About Rayn Case

Searching for a mindful, self directed life, good health, and happiness.

Summer job: done!

Where: On a repositioning cruise to Ohio!

Our last week of work went by so fast, between lots of cabin checkouts to keep us hopping at our job, and getting through our pre-flight checklist. I watched the weather perhaps a bit obsessively, monitoring a large front that had the potential to dump tons of snow on the passes we needed to cross. We found a small window between our last day of work and the start of some real dumping later that same evening. So, after lots of hugs and goodbyes, we headed out for Monarch Pass as soon as we finished on Sunday. The pass was clear and dry, and the precipitation didn’t start until we were safely on the other side, and camped in the Walmart in Salida, CO.

I’m not usually a Walmart overnighter, but we had a specific destination in mind for the next morning: the private hot tubs at the Salida Hot Springs Aquatic Center. Just $18 gets entrance for an hour in one of the tubs, plus access to lovely hot showers–heaven after the weeks of cold and rain we’ve been in.

Our next stop was a few nights just outside Colorado Springs, at Mueller State Park. After working the last couple summers near 10,000 feet, I should know how fickle early October can be in high places, but I booked anyways, with the hopes of decent temperatures. Instead, we got a high of 33, fog and snow! Our site had a direct sightline to Pikes Peak, but we couldn’t see it until sunset, when the clouds suddenly lifted.

For a respite from the snow, we headed down to the comparatively low Colorado Springs, and visited a truly unique city park, Garden of the Gods.  It’s like a little slice of southern Utah, right on the Front Range.

This was the not-for-RVs-route through the park:

Balancing Rock:

Dramatic fins:

Compare and contrast the picture of the site we on a sign at the visitor center with what we actually saw.  Hey, who moved the mountains?

The next morning, we wanted to get an early start, but the weather had another idea.  There was an inch of new snow, and the mountainous park roads were an ice skating rink, so we turned on the furnace and just enjoyed the views. A couple hours later, things had melted out, but we had a real show in the meantime.

Up next: we tackle I-70 through the midwest and hopefully make it back to Ohio!


Mountain Harvest Festival

Where: working our summer job at Three Rivers Resort in Almont, CO

There’s a lot we love about living in the mountains, like hiking, and grand scenery, and opportunities for solitude.  But, at the same time, we also miss some of the facets of life in a big city.  In particular, we used to love to go to a huge non-profit festival of music and art, held every June in Columbus, Ohio–Comfest.  When I heard about the Mountain Harvest Festival in Paonia, CO, it sounded very similar.  I put the dates in my calendar, but I was sure there was no way we were going because we always work weekends.  But then, the fates of cabin bookings around here changed completely, and we had this past Saturday free!

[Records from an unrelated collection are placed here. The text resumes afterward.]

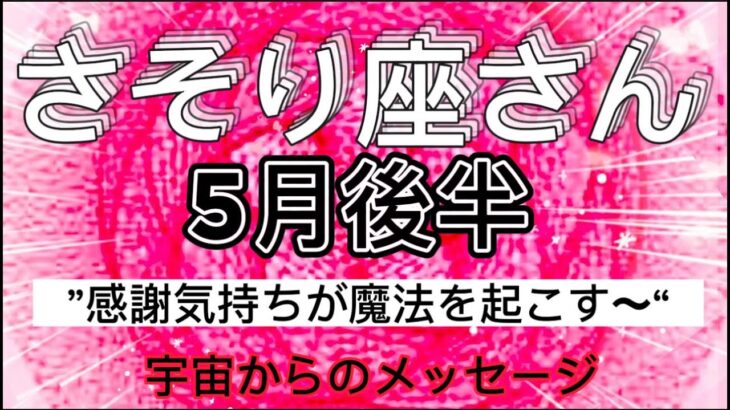 さそり座⭐️5月後半2023年⭐️“  高い意識へ目醒める〜”⭐️宇宙からのメッセージ ⭐️シリアン・スターシード・タロット⭐️Scorpion ♏️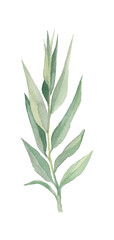Green hand drawn watercolor olive branch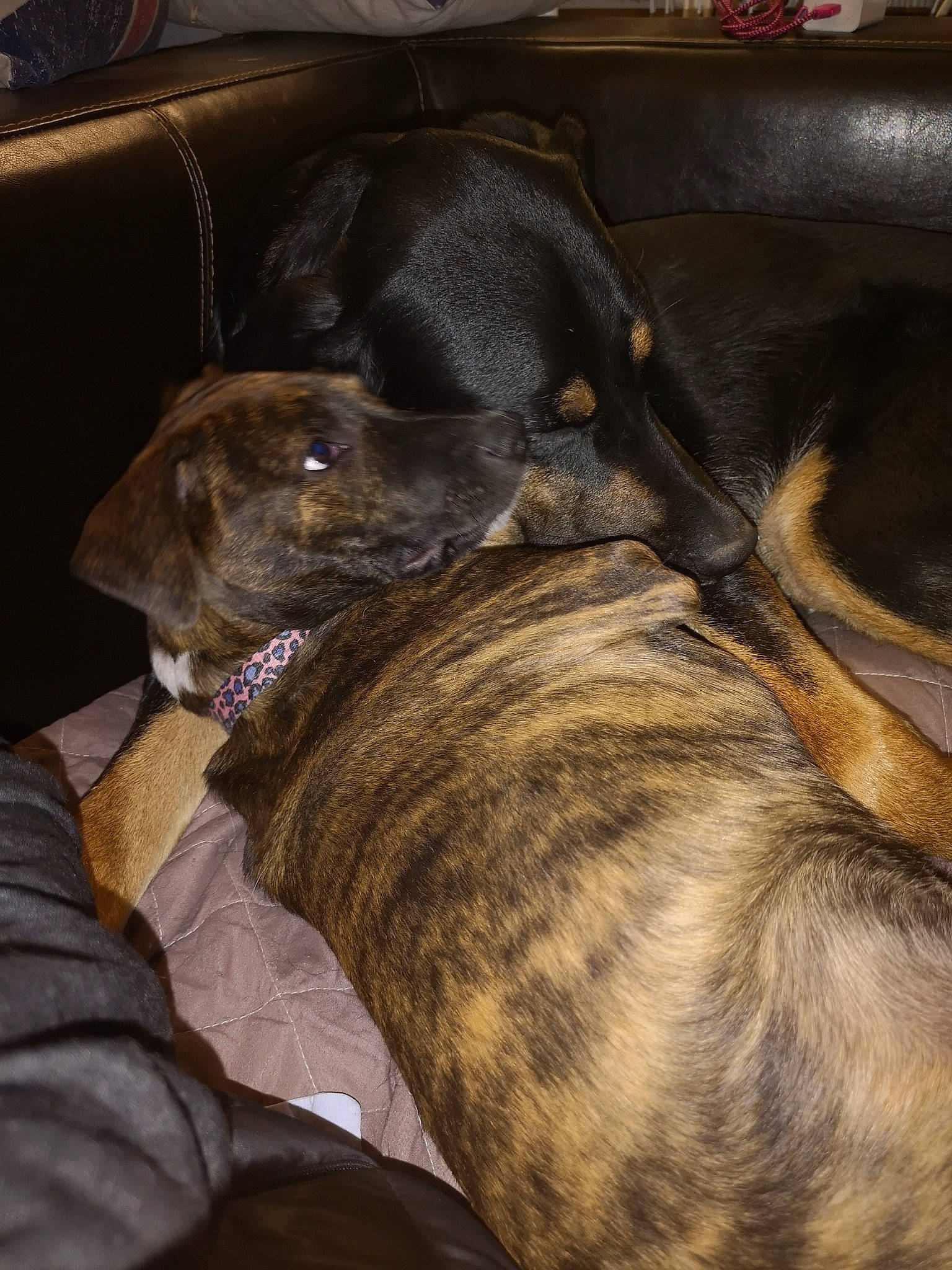 Tyia a rejoint le concours — aidez-le/la à gagner de superbes lots ! brown, canidae, carnivore, collar, comfort, companion_dog, dog, dog_breed, dog_collar, fawn, fur, guard_dog, liver, nap, snout, sporting_group, tail, treeing_tennessee_brindle, whiskers, working_animal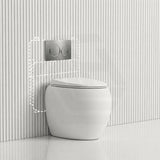 RAK CLOUD Rimless Wall Faced Toilet Pan with Geberit Frameless Inwall Concealed Cistern Sigma8 Push Button - Variant Colour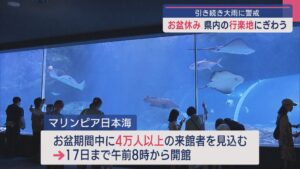 イルカの迫力ジャンプ！「ぬれなくて楽しい」県内の行楽地 お盆休みにぎわう【新潟】 2025年08月12日(火)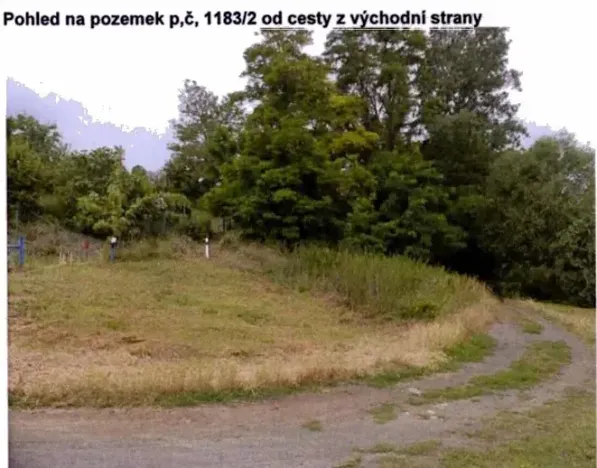 Prodej lesa, Dolní Věstonice, 1179 m2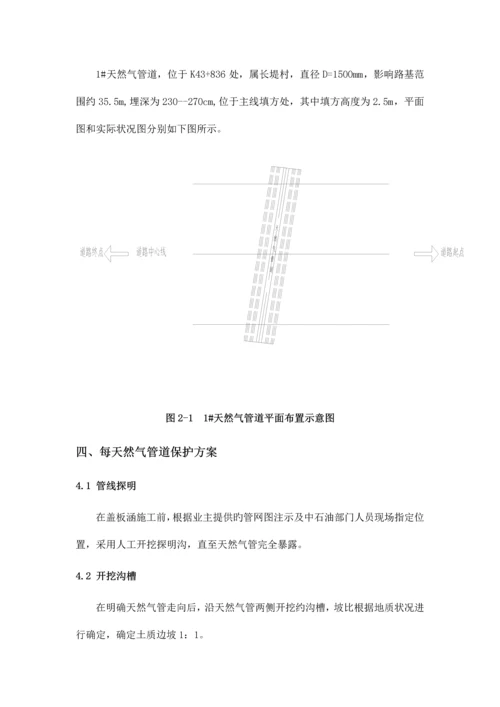 天然气管道保护专项方案.docx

For a town of only about 1,400 people, Paonia is awfully cool.  It’s a “Certified Colorado Creative District”, home to many artisans.  It’s filled with orchards and vineyards and the largest concentration of organic farms in the state. (Supposedly, it’s the birthplace of the farm-to-table movement.) Unlike many small towns, it feels busy and vibrant, and has a real sense of community.  We passed through once a couple months ago, and I knew I wanted to get back to this quirky, adorable little town.

The festival was great.  We browsed the artist booths, bought some local Honeycrisp apples, and listened to a country/yodeling music set while we enjoyed the best people watching we’ve had all summer.  (Colorado fashion tip: skirts, boots, and space buns–you know–like hair parted into two ponytails which are tucked into buns.)

We traveled back and forth over dirt Kebler Pass Road, which is known for huge overlooks of aspens.  It was an excessively dry year, so many areas were more brown than yellow, but we still caught some stellar views.

Marcellina Mountain:

Views around Lost Lake Campground, which looks so much like the Sierra that it made me feel homesick!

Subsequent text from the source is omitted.